## ASSIGNMENT
The material below is to be copied exactly from the line with "Uniq 3 Bedroom" up to and including the line with "Used 2025 Hyundai Venue SEL FWD image 14", with nothing else kept and no pictures.

## EXTRACTED RECORDS
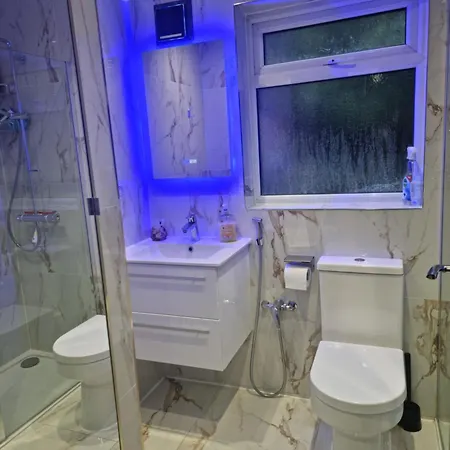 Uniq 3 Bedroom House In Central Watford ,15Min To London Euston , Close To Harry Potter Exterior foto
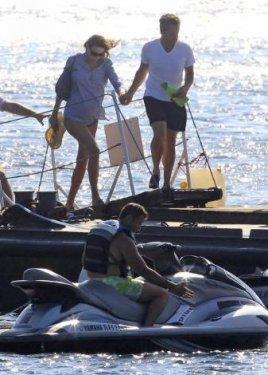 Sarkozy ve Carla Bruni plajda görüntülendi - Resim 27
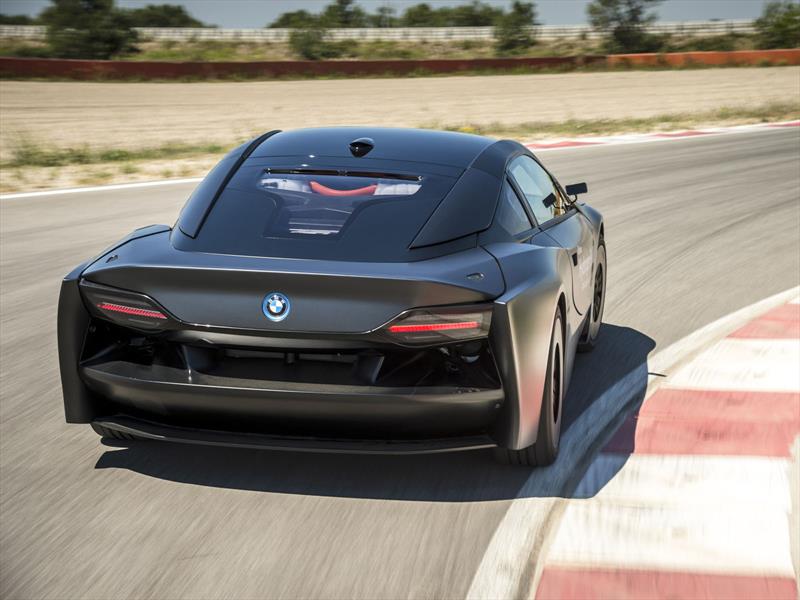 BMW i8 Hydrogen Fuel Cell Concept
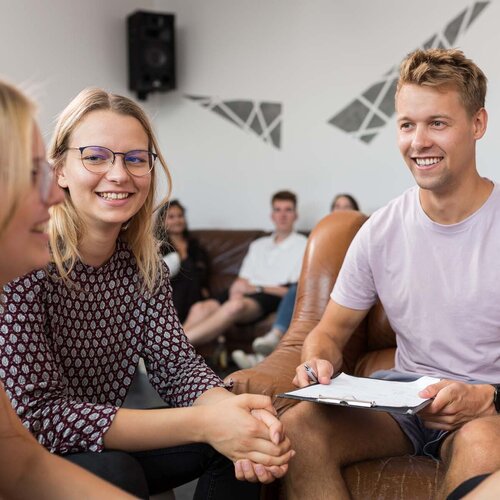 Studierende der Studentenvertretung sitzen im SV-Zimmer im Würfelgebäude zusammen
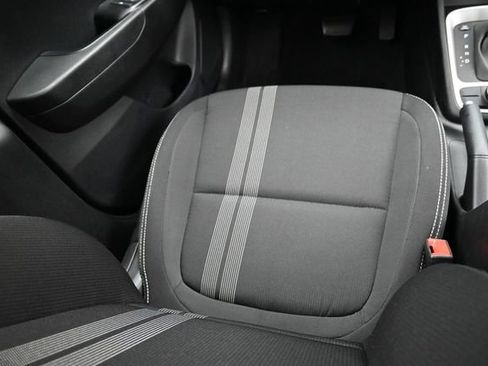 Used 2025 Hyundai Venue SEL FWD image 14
==
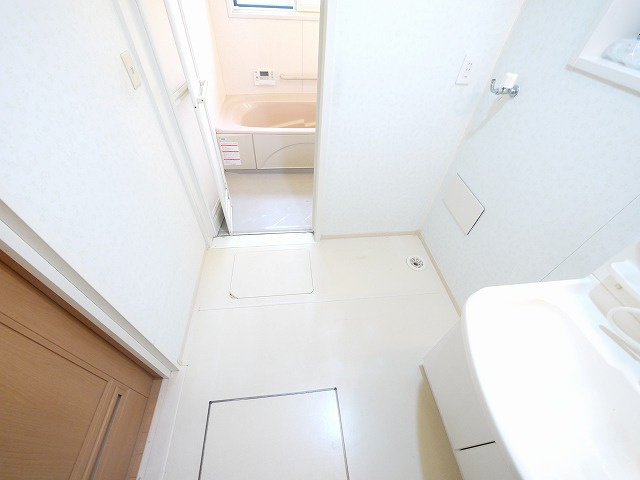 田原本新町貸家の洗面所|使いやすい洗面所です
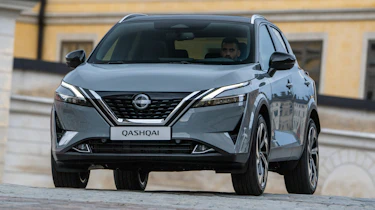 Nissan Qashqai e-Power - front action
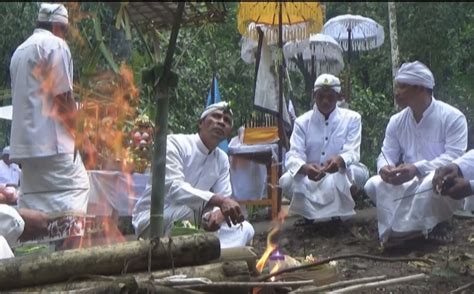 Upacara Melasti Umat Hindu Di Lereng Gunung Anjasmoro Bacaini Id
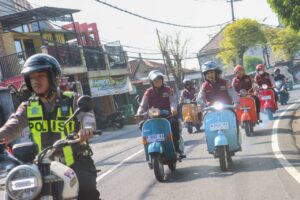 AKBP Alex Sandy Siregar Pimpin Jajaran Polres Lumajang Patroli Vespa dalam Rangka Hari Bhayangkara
--
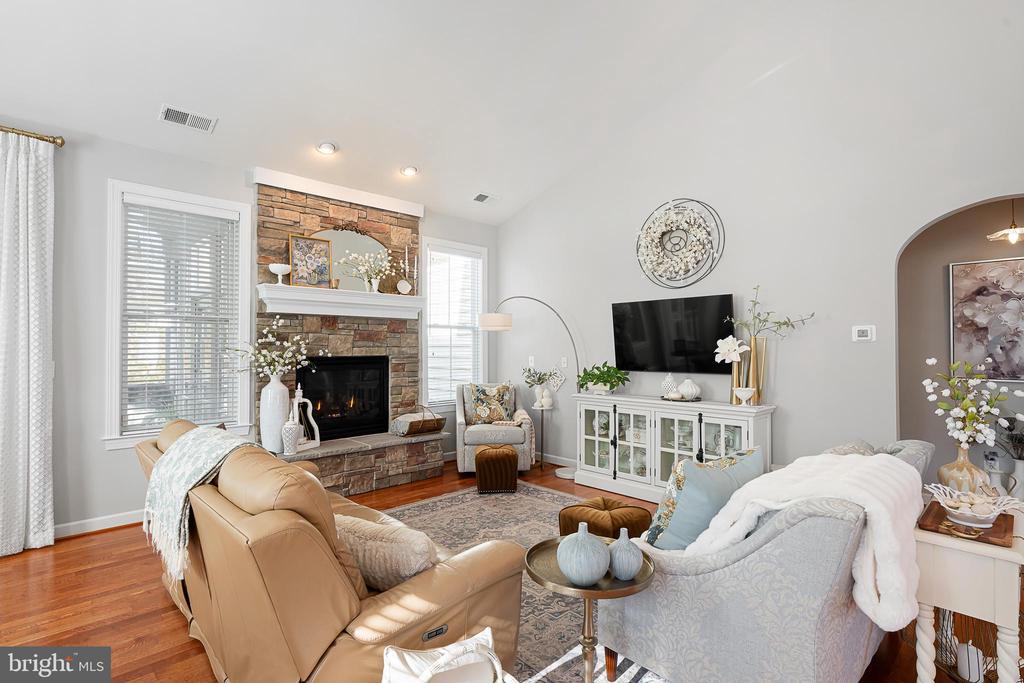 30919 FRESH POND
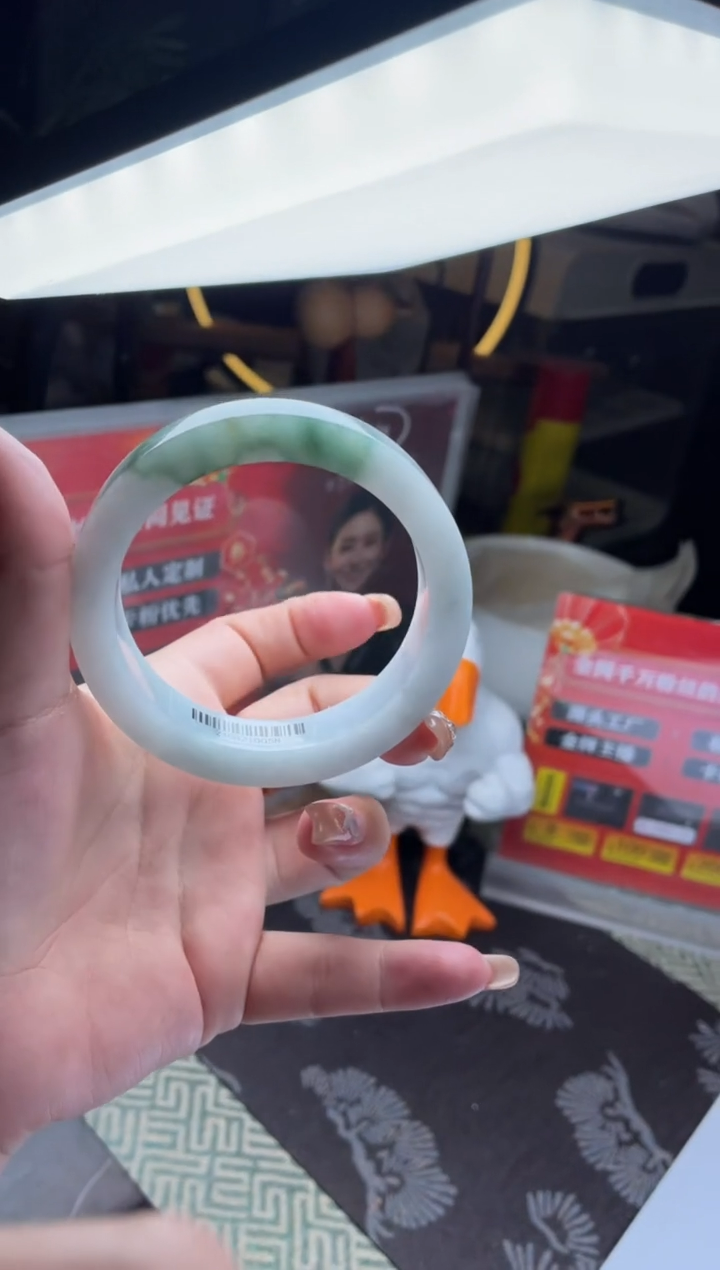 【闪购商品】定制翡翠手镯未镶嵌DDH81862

## TASK OUTPUT
 Uniq 3 Bedroom House In Central Watford ,15Min To London Euston , Close To Harry Potter Exterior foto
 Sarkozy ve Carla Bruni plajda görüntülendi - Resim 27
 BMW i8 Hydrogen Fuel Cell Concept
 Studierende der Studentenvertretung sitzen im SV-Zimmer im Würfelgebäude zusammen
 Used 2025 Hyundai Venue SEL FWD image 14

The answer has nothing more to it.